I have had three children in three years, with one more imminent, and every book I have read refers to the baby as SHE. I asssumed this was to counter the evil dicks that automatically think babies should be born male or not at all.

nikkinack · 08/03/2015 07:57

I always alternated he and she when reading 'Dear Zoo' to my children, because it pissed me off that all the animals were 'he'. You have to start with he because that makes the lion, who has a mane, a he, but happily, that means the dog is a she, so you can say 'She was perfect, I kept her', at the end Grin

HarrietTheFly · 09/03/2015 20:17

My dp refers to all other drivers as "he". His default is male for a lot of things, but particularly this. It really bothers me because I don't drive and I don't want dd growing up to think it's a thing men do. I now point it out to him every time. I even annoy myself but he is getting better.

bluelamp · 09/03/2015 23:18

nikkinack are you me? I do exactly the same, and love doing it even more now I have DS who loves dogs.

bluelamp · 09/03/2015 23:20

DH on the other hand even refers to MOG as as a male. Mog is not male. I may have got irrationally annoyed at him about this. He's pretty wonderful the rest of the time.

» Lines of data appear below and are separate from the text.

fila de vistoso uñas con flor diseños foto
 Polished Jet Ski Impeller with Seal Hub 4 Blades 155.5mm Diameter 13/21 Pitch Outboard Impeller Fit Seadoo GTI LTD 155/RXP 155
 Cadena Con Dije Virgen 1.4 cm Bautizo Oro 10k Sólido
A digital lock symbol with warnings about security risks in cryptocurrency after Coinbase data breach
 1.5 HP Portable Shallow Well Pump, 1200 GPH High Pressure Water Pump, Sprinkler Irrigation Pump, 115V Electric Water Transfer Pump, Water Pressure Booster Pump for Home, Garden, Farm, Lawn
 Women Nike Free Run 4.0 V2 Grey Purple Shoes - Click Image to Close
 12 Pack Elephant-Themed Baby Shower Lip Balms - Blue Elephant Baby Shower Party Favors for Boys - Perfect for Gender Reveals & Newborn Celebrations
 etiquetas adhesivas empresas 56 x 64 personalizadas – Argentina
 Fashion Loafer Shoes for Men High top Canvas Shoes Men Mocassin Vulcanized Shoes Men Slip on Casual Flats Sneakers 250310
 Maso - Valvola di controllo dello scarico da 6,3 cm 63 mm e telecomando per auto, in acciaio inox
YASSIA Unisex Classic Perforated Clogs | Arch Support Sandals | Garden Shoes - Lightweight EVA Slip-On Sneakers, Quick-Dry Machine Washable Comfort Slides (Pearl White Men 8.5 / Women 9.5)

littleangel1006 · 09/03/2015 23:37

I assume old books did it because of the sexism that was around. And boys were seen as better.
Genetically babies are girls and diverted to boys so you could argue it should always be she.
Books need to pick one sex to make the information easy to read. And I assume it could partially be because it differentiates from the female mother as previously said.
Either way I think it's very hard to not he/she to a baby you don't know the sex of so they have to decide one or the other....

MrNoseybonk · 10/03/2015 08:24

People are also offended if you refer to their babies as "it" though.
"What's it's name?"
"It's a he/she, not an it!".
This also applies to dogs I've found...

ErrolTheDragon · 10/03/2015 08:24

Wouldn't it be simpler if we could just use 'it' for undetermined people and other living creatures.

WTF are we supposed to do when we're talking to our kids about snails? Grin

ErrolTheDragon · 10/03/2015 08:26

x-post ... I don't suppose people actually get offended if you 'it' their pet snail...

MrNoseybonk · 10/03/2015 08:32

lol, you never know, it takes all sorts.